How To Handle A Bridesmaid Dropping Out Of Your Wedding Right Before The Big Day

When it comes to a wedding, it is, without a doubt, the bride's day. For some, the dream of getting married is one that they've had since they were a kid, and they want to fulfill that dream to the nth degree.

According to the National Center for Family & Marriage Research (NCFMR) at Bowling Green State University, marriage rates have been steadily dropping in the United States over the past few years. Still, there are those who desire that big day. Or, in some cases, that huge day. But pulling off the perfect wedding is no easy feat. It involves a lot of moving parts to make it happen and some of those parts require not just one bridesmaid, but a whole slew of them. It's not just about tradition; it's about needing that network of close friends who, in lieu of more eloquent wording, do a lot of the grunt work.

But just because someone agrees to be your bridesmaid doesn't mean it's set in stone — unless you had them sign a contract or something equally over-the-top bridezilla-y. People can opt out of bridesmaid duties, even within days of the big event, and for myriad reasons. If that happens, it's up to you, the bride, to handle it in the most open-minded and mature way possible — as difficult as that may seem.

Have an open and honest conversation with your bridesmaid

If their dropping out is due to a death in the family or something equally tragic that has happened, you can't fault them (via Inside Weddings). You also certainly can't take it personally or make a case for why they should put your wedding first because, well, come on — be an understanding human. Even with all the pressure to make your wedding perfect, make time to check in on them and offer a shoulder to cry on.

If it's a money issue or stress related, try to work with them on it. "When you're thinking about who to ask to be in your wedding party, really consider who they are to you and what role they'll play," Lara Mahler, founder and chief planner of event production company The Privilege is Mine, tells The Knot. "Instead of expecting certain things to be done by your bridesmaids, work together to create an environment that works for everyone. Your bridesmaids will be thankful that you've considered the time and finances you're asking them to contribute."

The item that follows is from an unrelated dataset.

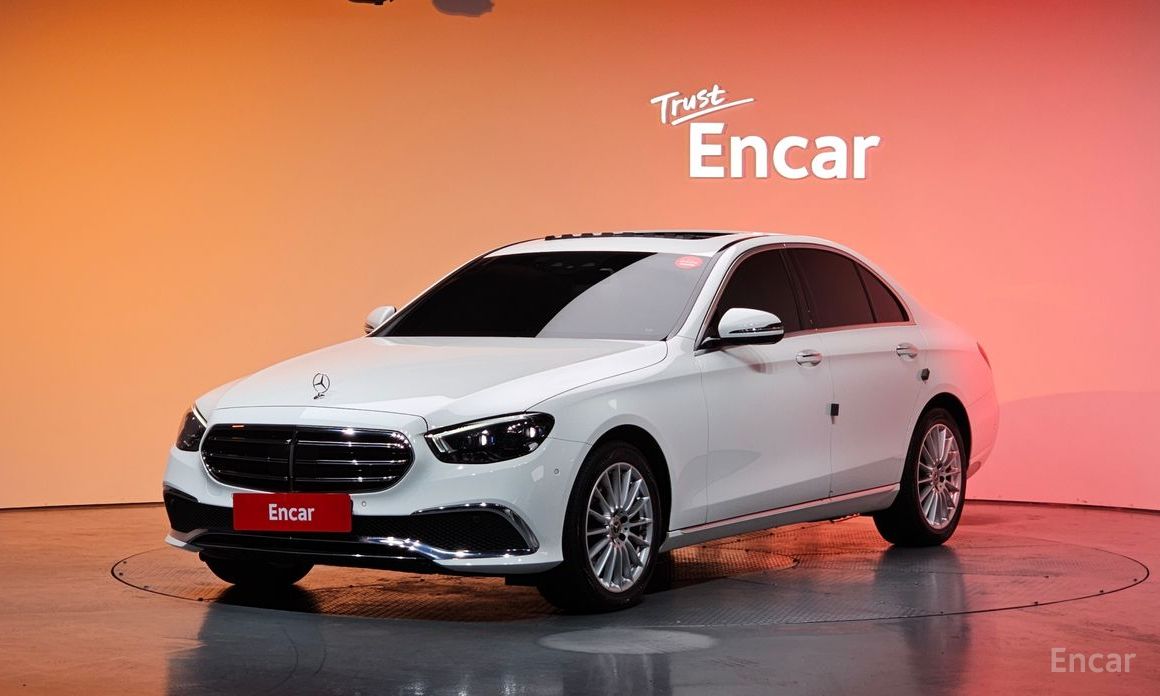 Mercedes-Benz E-Class W213E250 Exclusive №21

Again, these are things that you really can't fault your friend for, especially if you already know that asking them to be a bridesmaid was going to be a financial burden. As for the stress aspect, some people just aren't cut out to be bridesmaids, especially if they already have too much on their plate, personally and professionally.

Come up with a backup plan

If you're convinced you need someone to fill in for a bridesmaid who has backed out, see who's around and willing to take on the role — especially if you must have an even-numbered bridal party. But keep in mind the perception of that person being considered a last-minute replacement. "You don't want a new bridesmaid to feel like a backup plan or second choice," wedding planner Kristin Mullen tells

When it comes to numbers and things matching up, if you have a tendency toward obsessive-compulsive behavior, take a deep breath and try to let go. Many traditional wedding rules have gone out the window in recent years, so do your best to embrace the new rules and styles. Historically speaking, a bridesmaid's purpose was to protect a bride from bandits and evil spirits (via Wedding Wire). Unless you fear bandits will try to attack and kidnap you on the way to your wedding, having one less bridesmaid is not the end of the world.

Yes, your wedding is a big day, but sometimes not everyone can be a part of that big day. So, do your best to celebrate with those who can make it, then do something small with those who had to bow out. In most cases, bridesmaids don't drop out of their duties because of lack of love for the bride, but because of things that are out of their control.